たしかアイーダには本物の象さんが出てくるのよね、などと舞台を見渡すと、何とブルーのピラミッドが抽象っぽくそびえている。あとで聞くと、この年から新しい演出に変わったそうだ。でも衣装も舞台もブルーとシルバーで統一され衣装はとくに未来的でうっとり。この2万人は入るという野外円形劇場のほぼてっぺんに居るのに結構声のひびきはよく、また自由席の観客は仏壇の小ローソクのようなものを渡され灯しながら開幕を待ち、序曲がおわるころにはローソクが尽きるという演出に感動した。風がふくと消えるので周りの灯をもらったりして和気あいあいになれるのも相乗効果と思われた。第二幕には舞台にプールが出現、踊り子が飛び込んだり、カヌーが何艘も漕ぎまわったり と、さすが野外ステージでなければと思われる演出。

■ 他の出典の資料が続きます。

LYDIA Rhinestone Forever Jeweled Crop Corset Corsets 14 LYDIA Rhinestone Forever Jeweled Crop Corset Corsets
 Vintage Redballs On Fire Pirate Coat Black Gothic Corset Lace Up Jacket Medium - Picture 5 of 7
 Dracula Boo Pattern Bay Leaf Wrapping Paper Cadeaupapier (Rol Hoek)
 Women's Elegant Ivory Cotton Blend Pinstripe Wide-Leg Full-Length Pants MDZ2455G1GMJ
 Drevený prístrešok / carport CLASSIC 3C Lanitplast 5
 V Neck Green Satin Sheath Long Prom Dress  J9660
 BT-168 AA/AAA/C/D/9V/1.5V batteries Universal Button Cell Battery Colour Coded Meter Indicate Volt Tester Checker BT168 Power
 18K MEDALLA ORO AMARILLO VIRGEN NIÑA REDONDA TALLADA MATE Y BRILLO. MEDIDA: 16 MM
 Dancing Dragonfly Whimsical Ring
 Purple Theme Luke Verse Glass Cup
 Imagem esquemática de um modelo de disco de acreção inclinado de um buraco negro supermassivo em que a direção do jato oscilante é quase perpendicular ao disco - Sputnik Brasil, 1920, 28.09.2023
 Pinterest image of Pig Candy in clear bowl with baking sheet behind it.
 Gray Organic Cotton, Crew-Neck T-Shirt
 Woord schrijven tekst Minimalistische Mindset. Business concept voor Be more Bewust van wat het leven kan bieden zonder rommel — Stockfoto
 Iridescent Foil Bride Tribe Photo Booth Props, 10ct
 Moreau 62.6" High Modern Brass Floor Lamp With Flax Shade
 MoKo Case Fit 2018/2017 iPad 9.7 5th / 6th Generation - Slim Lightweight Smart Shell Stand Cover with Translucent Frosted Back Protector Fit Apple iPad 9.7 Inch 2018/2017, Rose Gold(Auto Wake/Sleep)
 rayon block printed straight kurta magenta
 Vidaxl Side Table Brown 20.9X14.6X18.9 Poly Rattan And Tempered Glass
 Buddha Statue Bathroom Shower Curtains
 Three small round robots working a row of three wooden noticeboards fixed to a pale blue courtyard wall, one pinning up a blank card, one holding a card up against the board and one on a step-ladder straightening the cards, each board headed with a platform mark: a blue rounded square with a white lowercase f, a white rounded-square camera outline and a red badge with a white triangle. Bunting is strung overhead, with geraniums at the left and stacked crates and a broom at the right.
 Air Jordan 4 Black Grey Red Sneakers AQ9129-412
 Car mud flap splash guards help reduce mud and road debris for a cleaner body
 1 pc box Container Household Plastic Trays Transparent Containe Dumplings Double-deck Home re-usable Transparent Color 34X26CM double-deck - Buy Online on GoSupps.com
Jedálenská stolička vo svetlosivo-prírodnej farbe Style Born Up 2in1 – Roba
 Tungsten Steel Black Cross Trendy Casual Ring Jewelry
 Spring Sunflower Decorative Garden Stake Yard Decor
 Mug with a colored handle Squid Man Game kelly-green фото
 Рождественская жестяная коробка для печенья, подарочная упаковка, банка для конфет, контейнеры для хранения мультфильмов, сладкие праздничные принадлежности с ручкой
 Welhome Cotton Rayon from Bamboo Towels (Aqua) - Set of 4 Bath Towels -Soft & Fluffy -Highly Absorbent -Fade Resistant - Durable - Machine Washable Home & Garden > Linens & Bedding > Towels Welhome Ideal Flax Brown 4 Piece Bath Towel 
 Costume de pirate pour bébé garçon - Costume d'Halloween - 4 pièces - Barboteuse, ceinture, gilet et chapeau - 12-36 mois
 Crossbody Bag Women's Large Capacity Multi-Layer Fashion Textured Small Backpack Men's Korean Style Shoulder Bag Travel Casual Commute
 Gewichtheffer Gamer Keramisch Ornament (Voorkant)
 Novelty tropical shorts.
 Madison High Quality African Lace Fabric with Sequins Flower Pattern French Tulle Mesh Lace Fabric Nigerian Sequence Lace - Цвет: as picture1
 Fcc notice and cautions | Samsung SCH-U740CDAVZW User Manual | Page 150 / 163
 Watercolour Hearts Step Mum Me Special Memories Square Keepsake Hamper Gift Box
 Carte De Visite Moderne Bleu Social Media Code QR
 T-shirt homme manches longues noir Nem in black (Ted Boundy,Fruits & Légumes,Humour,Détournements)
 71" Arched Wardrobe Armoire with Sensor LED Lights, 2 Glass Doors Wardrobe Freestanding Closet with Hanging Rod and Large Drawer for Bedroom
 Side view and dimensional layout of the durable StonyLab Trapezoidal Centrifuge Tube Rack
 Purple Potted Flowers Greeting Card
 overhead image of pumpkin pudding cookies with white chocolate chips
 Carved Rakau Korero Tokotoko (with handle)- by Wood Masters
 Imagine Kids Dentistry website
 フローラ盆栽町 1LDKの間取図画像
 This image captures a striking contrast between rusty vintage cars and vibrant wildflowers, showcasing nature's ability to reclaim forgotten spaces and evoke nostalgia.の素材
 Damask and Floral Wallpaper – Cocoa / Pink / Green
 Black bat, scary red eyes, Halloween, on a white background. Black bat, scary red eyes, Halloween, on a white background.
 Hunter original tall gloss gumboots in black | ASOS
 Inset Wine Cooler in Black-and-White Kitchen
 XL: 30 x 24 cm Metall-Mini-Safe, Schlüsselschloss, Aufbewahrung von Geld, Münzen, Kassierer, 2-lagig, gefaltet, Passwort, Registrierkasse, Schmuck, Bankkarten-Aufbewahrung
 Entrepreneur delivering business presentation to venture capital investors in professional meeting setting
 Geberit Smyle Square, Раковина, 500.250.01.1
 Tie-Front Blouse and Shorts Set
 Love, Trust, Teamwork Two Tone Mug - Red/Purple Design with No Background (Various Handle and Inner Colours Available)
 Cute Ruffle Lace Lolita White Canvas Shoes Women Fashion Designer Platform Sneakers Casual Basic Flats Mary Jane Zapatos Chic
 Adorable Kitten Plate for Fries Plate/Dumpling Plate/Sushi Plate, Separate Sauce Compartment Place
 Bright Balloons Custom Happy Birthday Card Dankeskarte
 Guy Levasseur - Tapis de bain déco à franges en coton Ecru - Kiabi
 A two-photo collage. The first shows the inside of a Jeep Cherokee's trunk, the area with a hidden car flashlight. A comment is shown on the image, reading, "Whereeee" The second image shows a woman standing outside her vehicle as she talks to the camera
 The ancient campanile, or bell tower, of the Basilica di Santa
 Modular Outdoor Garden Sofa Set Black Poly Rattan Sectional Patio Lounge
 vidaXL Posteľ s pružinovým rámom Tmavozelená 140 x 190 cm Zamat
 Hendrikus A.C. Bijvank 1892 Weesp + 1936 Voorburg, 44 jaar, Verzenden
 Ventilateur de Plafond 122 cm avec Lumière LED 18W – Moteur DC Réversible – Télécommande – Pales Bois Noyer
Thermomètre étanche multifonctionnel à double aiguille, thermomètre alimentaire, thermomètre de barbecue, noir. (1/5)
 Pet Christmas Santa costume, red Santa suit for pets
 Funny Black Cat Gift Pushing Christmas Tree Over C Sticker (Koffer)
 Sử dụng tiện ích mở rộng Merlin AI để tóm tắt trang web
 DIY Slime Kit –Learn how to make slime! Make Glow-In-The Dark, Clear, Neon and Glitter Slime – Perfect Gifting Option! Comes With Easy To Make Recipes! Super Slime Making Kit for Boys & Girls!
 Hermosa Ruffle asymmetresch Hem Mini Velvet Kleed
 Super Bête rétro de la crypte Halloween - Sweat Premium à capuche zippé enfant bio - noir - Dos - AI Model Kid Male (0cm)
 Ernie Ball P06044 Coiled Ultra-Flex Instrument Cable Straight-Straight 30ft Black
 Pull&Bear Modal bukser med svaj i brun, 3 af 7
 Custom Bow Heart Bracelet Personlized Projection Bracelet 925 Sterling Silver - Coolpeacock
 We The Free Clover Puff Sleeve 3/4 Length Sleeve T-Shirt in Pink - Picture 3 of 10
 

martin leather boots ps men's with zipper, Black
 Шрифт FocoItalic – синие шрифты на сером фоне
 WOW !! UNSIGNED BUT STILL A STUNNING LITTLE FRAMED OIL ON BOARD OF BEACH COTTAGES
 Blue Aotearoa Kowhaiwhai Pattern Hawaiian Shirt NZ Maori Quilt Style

この年の出し物は、他にカレーラスがドンホセを歌うカルメン、ドミンゴのリサイタル、ハリウッド映画的な舞台装置のメリーウイドウ、椿姫、蝶々夫人などであった。 蝶々夫人は布に映写をするという斬新な試みだったが、あまり評価はされなかったようで、翌年からプログラムからは外れてしまったのが残念だ。しかし蝶々さんが切々とピンカートンに語りかけ祈る仏像のようなものが、布袋さんとも怪物ともつかぬ巨大な像で改めて文化の差というかオリエントの遠さを感じた。
後で通うことになった学校の同級生に、ヴェネズエラ人の主役級テノールと付き合っているイライザという女性が居た。 ある日のこと。彼女に家族席に招待してもらって楽屋までついていくと、そこはあのボッチェッリの楽屋の隣で1メートル程のところに当の彼が居た。でも残念ながら、盲目の彼には私は見えなかったのだけれども。
そのあとテノールの彼とイライザと3人で円形劇場アレーナの広場を横切っていくと、広場を取り囲むカフェから'よう、グランデ テノーレ'と声がかかって家族のように手を振ってお辞儀をして盛大な拍手で送られた。そしてうらぶれたバールでビールを3人で飲んだのも不思議な思い出。その後彼らとは会う機会も無く、気になっている。